Side.059 容疑者たち Suspects
突然倹約家を止めた久保田太郎のことが気になった二人。丁度その頃三人の前に七三分けの金髪の男が三人の前に現れた。男は中林に話しかける。
「中林教授。この二人が警察の方でしょうか」
「そうです。警視庁捜査一課の木原君と神津君だ」
中林に紹介された二人は久保田に警察手帳を見せ改めて自己紹介した。
「警視庁の木原です」
「同じく神津だ」
久保田は木原たちに対してお辞儀する。
「刑事さん。ぼくは佐藤真実の幼馴染。久保田太郎です」
木原が久保田と握手してから本題を話す。
「我々警察は佐藤真実が偶然ブラッディティアに感染して、退屈な天使たちに拉致されたというシナリオに違和感を覚えました。この一連の事件の黒幕は佐藤真実の身近な人間の中にいると考えています。だから我々は佐藤真実の人間関係について捜査しています」
神津は久保田に質問する。
「佐藤真実の人間関係について教えろ」
「いいでしょう。とは言ってもぼくが把握しているのは三人だけですが。幼馴染と言っても学部が違いますし、高校も別の学校に通っていたので他にも友人はいると思います。まずは真実の彼氏牧田誠。彼と真実は高校で知り合った仲。結構ラブラブな恋愛をしているそうです。次に吉野智子。彼女は真実の家庭教師をしていたそうです。確か今は警備員をしていると聞いています。三人目は小早川せつな。同い年で神奈川の横浜中央大学に通っているそうです」
木原は三人の名前をメモすると、久保田は刑事に相談をする。
「身近な人間の中に黒幕がいると言いましたよね。それなら心当たりがあります。3か月前から彼女の周りにストーカーが現れました。無言電話や盗撮写真が毎日のように送られてきて迷惑しているそうです。たぶんそのストーカーが一連の事件の黒幕ですよ。ちゃんと動機があるでしょう。未知のウイルスに感染させて殺すことで彼女を独り占めにするという動機が」
久保田の推理は的を射ているようだった。木原は久保田の推理を考慮に入れる。一方神津は久保田の推理を聞かず、小早川せつなについて考えていた。小早川せつながこの一連の事件に関わっているとしたら、一度会う必要があると彼は考えた。神津は久保田に小早川せつなについて質問する。

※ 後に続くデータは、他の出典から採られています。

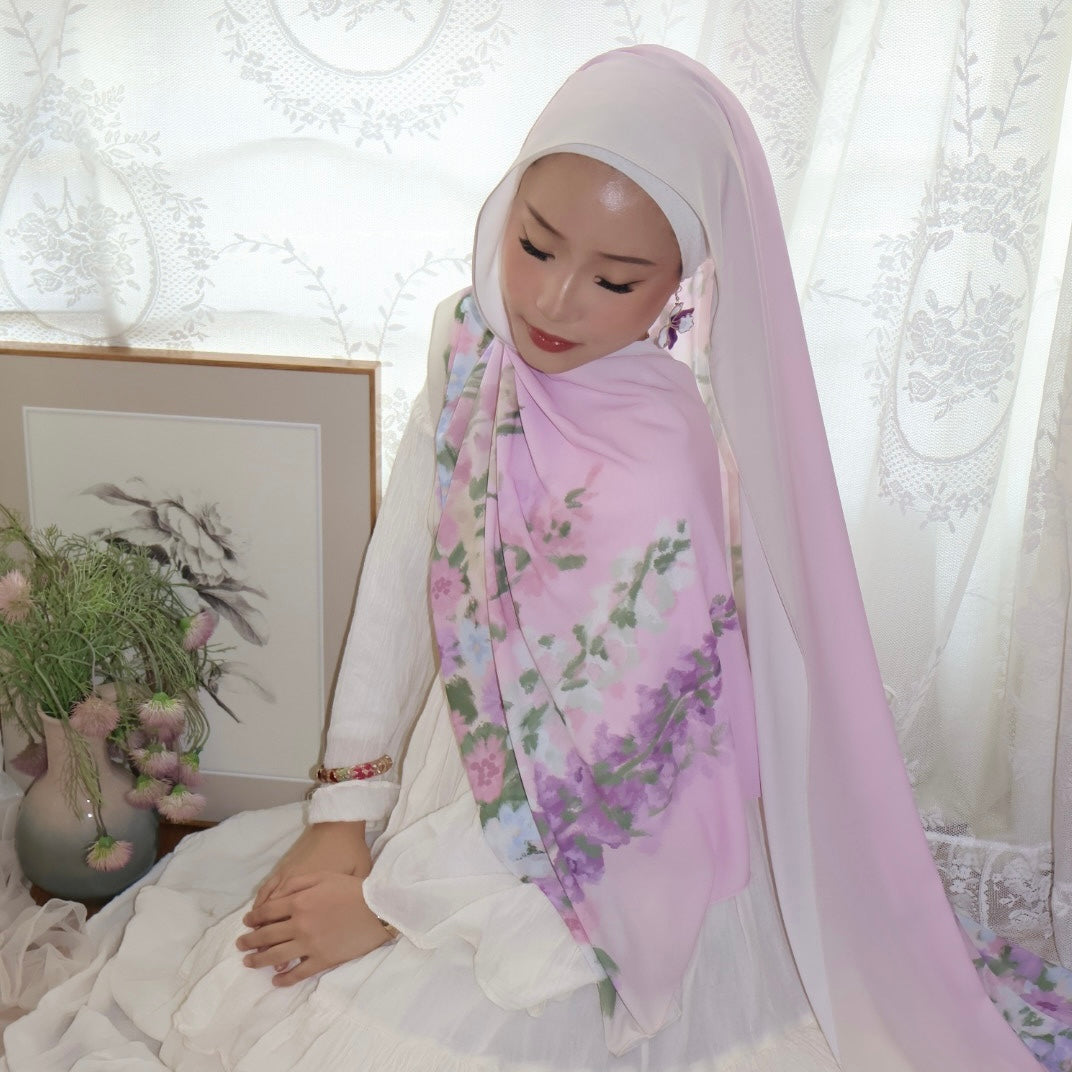 Wildflower Series : Lilac Scarves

「佐藤真実の高校の後輩小早川せつなについて教えてくれ。そいつはある事件の捜査線上に浮上した容疑者だ」
「8月6日にイタリアンレストランディーノで再開したって聞きました。その日真実は友人三人と美味しいと噂の板利明の店に行ったそうです。彼女はその店の常連だそうで学校のある日の昼は必ず訪れるそうです。確かその時の写真の写メが届いていたと思います」
久保田は携帯電話を取り出し写真を見せる。その写真を見ながら久保田は呟いた。
「この小早川せつなって子。なんかあの子に似ている気がして懐かしい感じがしました。小学校五年の時によくぼくの家に遊びに来た四年生くらいの女の子にね」
久保田が懐かしんでいると木原は久保田に指示をする。
「とりあえずこの写真を私の携帯に転送してもらってもよろしいですか」
小早川せつなの写真を入手した木原たちは車の中で相談をする。
「これからどうしますか」
「決まっているだろう。横浜に行って小早川せつなに接触する。今から行けば丁度昼休みに間に合うだろう」
こうして木原たちはイタリアンレストランディーノへ向かうことにした。